Mary Anne Rhyne, a media relations director at GSK, responded that "GSK welcomes additional scientific information that could help guide decisions around clinical trials and ultimately patient safety. ... The TIDE trial will provide the best evidence regarding the cardiovascular safety of Avandia and Actos." So far, Rhyne adds, two heart associations have found that "Insufficient data exist to support the choice of" one over the other.

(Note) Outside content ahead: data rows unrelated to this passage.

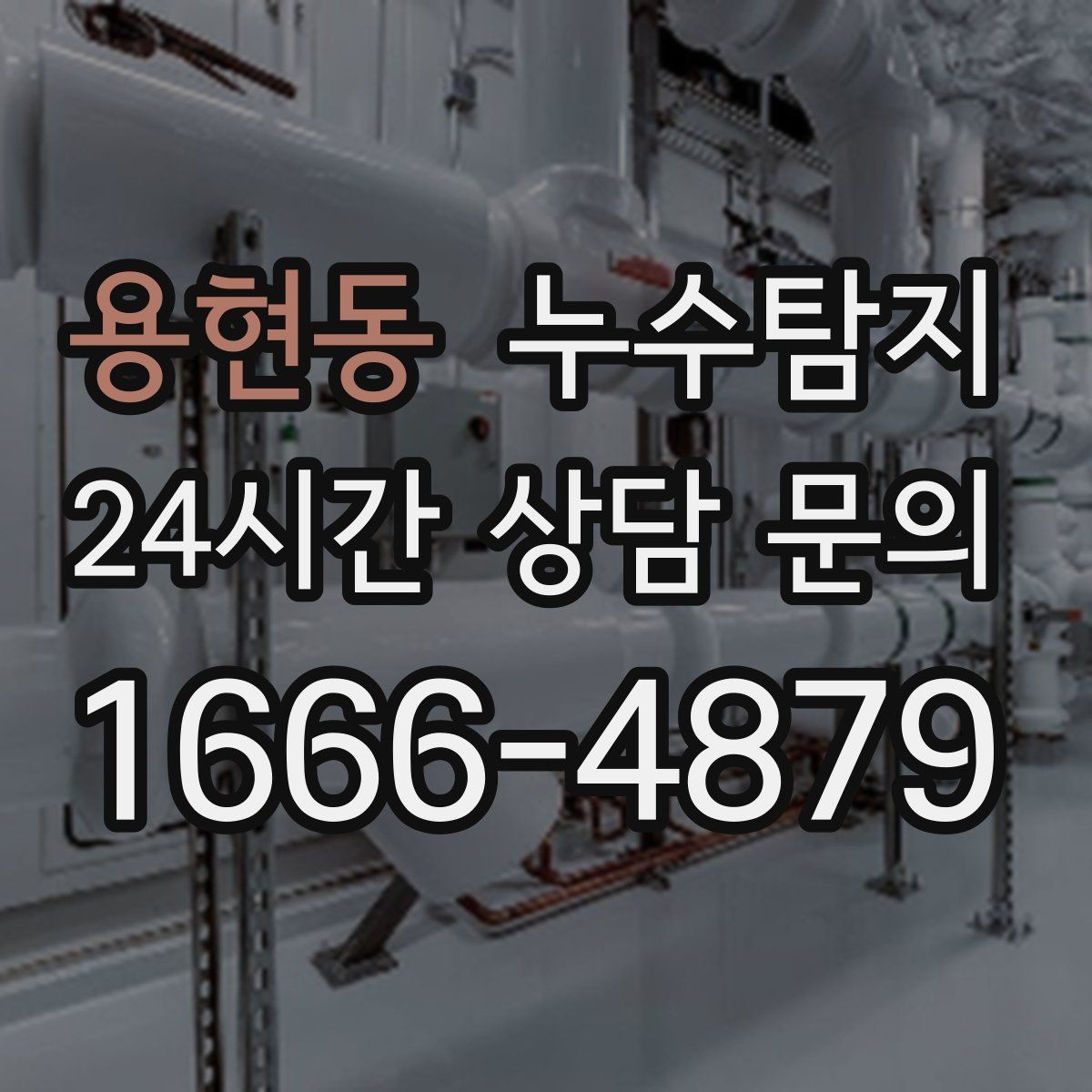 용현동 누수탐지 정밀하게 숨어있는 누수를 확실하게 진단합니다.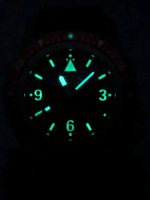 Muhle Glashutte Red Rasmus - 25.jpeg
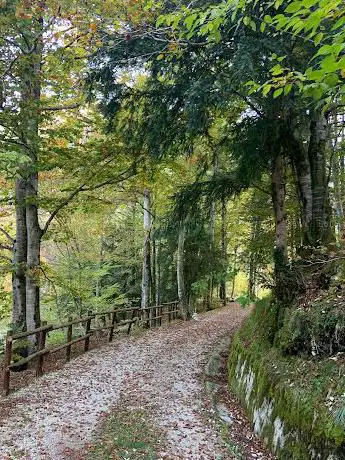 Photo de Foresta del Prescudin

"The TIDE trial design was directed by FDA and the study has been approved by Institutional Review Boards and Ethics Committees around the world. ... Patient safety in the TIDE trial is monitored by an independent data monitoring committee. ... To date, the TIDE IDMC has not expressed any concerns regarding the safety of participants in the study and has recommended that the study continue without modification." GSK will present data on Avandia at the FDA Advisory Committee meeting this summer.
Sales of Avandia topped $2.6 billion in 2006 but fell to $1.2 billion in 2009 after the FDA added a label warning regarding the elevated cardiac risk. If the FDA halts TIDE, it could also decide to halt U.S. Avandia sales. This would be devastating for GSK: Half of its Avandia sales are made in the U.S.